▸ ABOUT THIS EXERCISE: The answer must reproduce the listing exactly, with every picture left out.

▸ EXERCISE DATA:
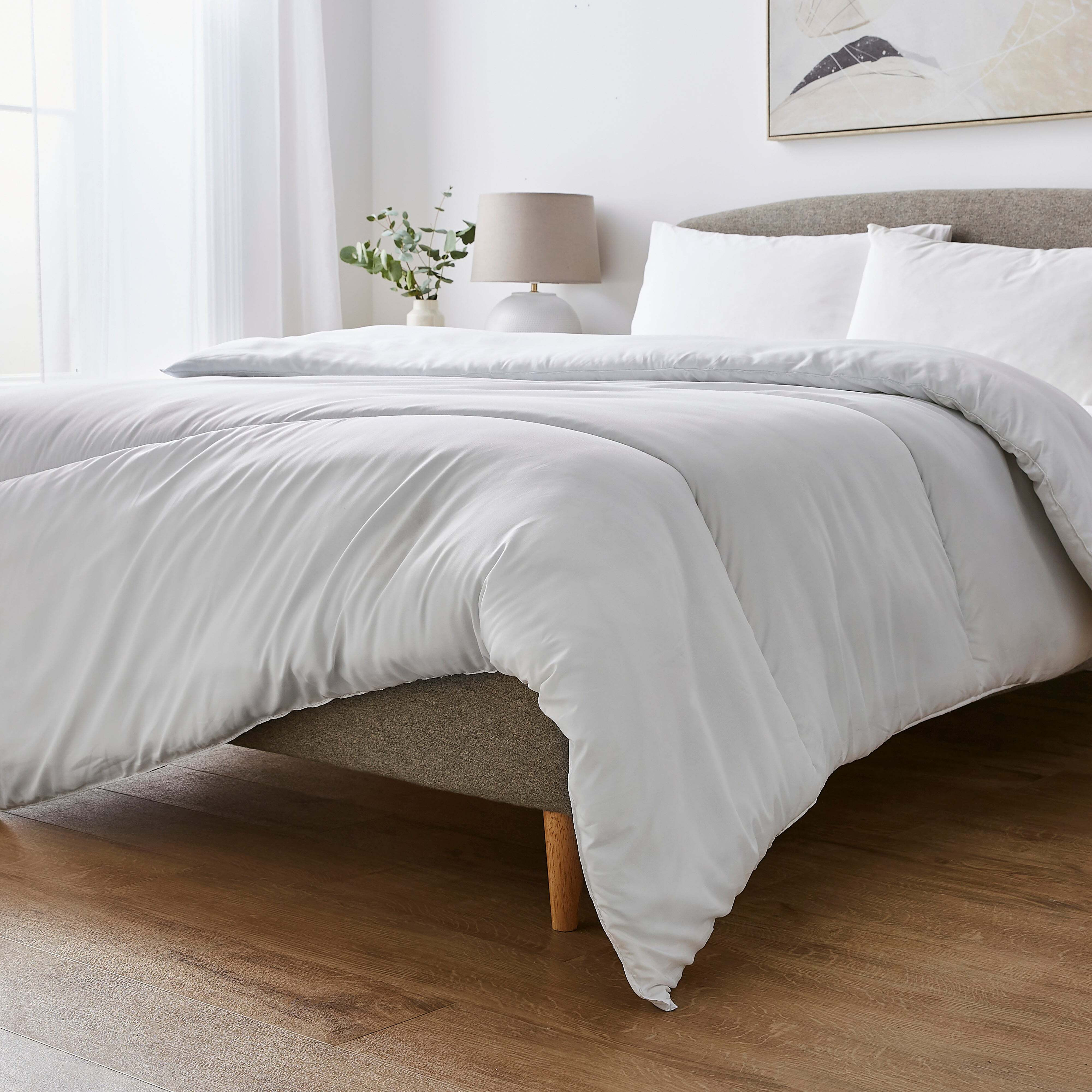 Soft & Cosy 12 Tog Autumn/Winter Duvet White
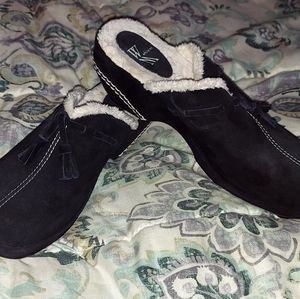 White Mountain Black Seude Clogs with faux fur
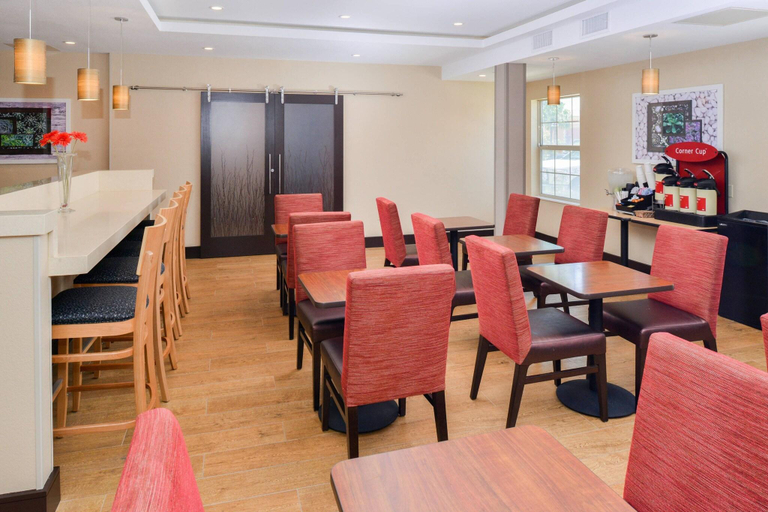 Food & Drinks 5, TownePlace Suites Ontario Airport, San Bernardino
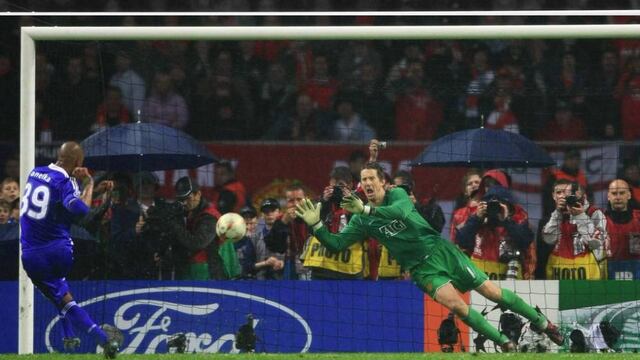 Edwin Van Der Sar celebrá 45 años de vida y la Premier League lo felicitó con un video de una gran atajada.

▸ FINISHED EXERCISE:
 Soft & Cosy 12 Tog Autumn/Winter Duvet White
 White Mountain Black Seude Clogs with faux fur
 Food & Drinks 5, TownePlace Suites Ontario Airport, San Bernardino
 Edwin Van Der Sar celebrá 45 años de vida y la Premier League lo felicitó con un video de una gran atajada.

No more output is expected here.